I still maintain that your initial choice for the change of variables is the better one, with no square roots etc. Here's how I'd approach the problem. We let $u = x^2 - y^2$ and $v = \dfrac{y}{x}$. Then, $1 \leq u \leq 4$ and $0 \leq v \leq \dfrac{1}{2}$. Now, you're supposed to calculate the determinant: \begin{align} \det \dfrac{\partial(x,y)}{\partial(u,v)} \end{align} (this is simply the $2 \times 2$ matrix of partial derivatives, evaluated at the appropriate point). Now, by the inverse function theorem, this is in fact equal to \begin{align} \dfrac{1}{\det \dfrac{\partial(u,v)}{\partial(x,y)}} \end{align} (again, you have to interpret the notation correctly and evaluate at the right points). Well, let's calculate this: \begin{align} \left( \det \dfrac{\partial(u,v)}{\partial(x,y)} \right)^{-1} &= \left( \det \begin{pmatrix} 2x & -2y \\ -\frac{y}{x^2} & \frac{1}{x}\end{pmatrix} \right)^{-1} \\ &= \left( 2 - \dfrac{2y^2}{x^2}\right)^{-1} \\ &= \dfrac{1}{2(1-v^2)}. \end{align}
So, the integral now becomes: \begin{align} \int_E \dfrac{y}{x} \, d(x,y) &= \int_{[1,4] \times [0, \frac{1}{2}]} v \cdot \left| \det \dfrac{\partial(x,y)}{\partial(u,v)} \right|\, d(u,v) \\ &= \int_{[1,4] \times [0, \frac{1}{2}]} \dfrac{v}{2(1-v^2)} \, d(u,v) \\\\ &= \quad \ddot{\smile} \text{ you already have the correct answer} \end{align}
It is much quicker to go with the original change of variables, and then apply the inverse function theorem. Because as in this example (and many others) it is usually easier to calculate the determinant's reciprocal rather than calculating the inverse of your change of variables, then differentiating, and then calculating the determinant.

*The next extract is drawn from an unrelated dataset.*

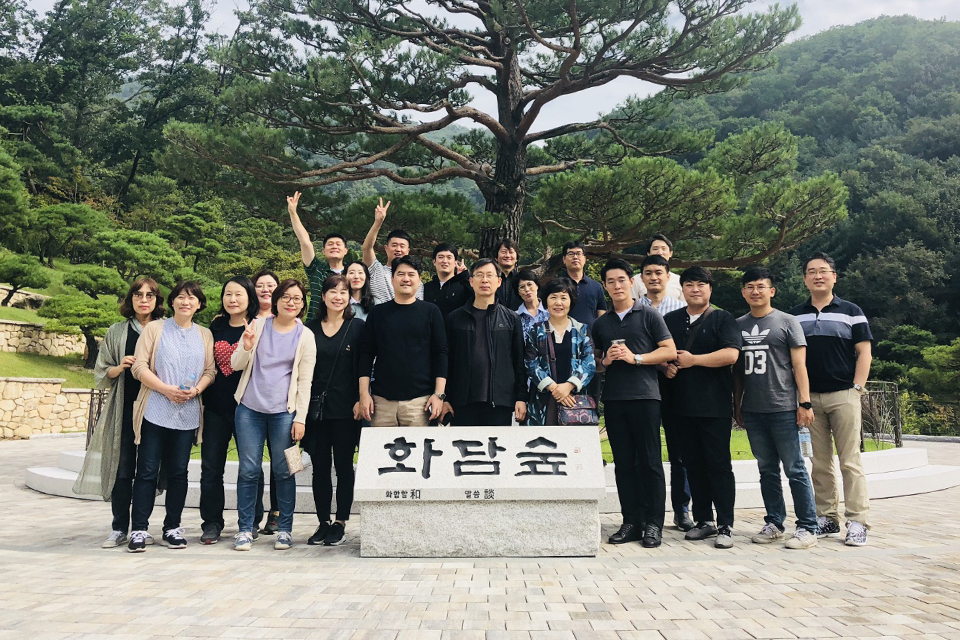 KakaoTalk_Photo_2018-09-19-10-52-24.jpeg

I decided to use a different transformation, letting $u=\sqrt{x^2-y^2}$ and keeping $v=\frac{y}{x}$. The bounds are $1 \leq u^2 \leq 4$ and $0 \leq v \leq \frac{1}{2}$. Then the bounds for $u$ are $1 \leq u \leq 2$.
This gives $x=\sqrt{\frac{u^2}{1-v^2}}$ and $y=v\sqrt{\frac{u^2}{1-v^2}}$, while the integrand simplifies nicely to $v$.
The partials are then: $$\frac{\delta x}{\delta u}=\frac{1}{\sqrt{1-v^2}}, \frac{\delta x}{\delta v}=\frac{uv}{\sqrt{1-v^2}^3}, \frac{\delta y}{\delta u}=\frac{v}{\sqrt{1-v^2}}, \frac{\delta y}{\delta v}=\frac{u}{\sqrt{1-v^2}^3}$$ The Jacobian comes out to $\frac{u}{1-v^2}$, so the transformed integral is:
$$\int_0^{\frac{1}{2}}\int_1^2 \frac{uv}{1-v^2}dudv$$
If my math is right, this comes out to $-\frac{3}{4}ln\frac{3}{4}$.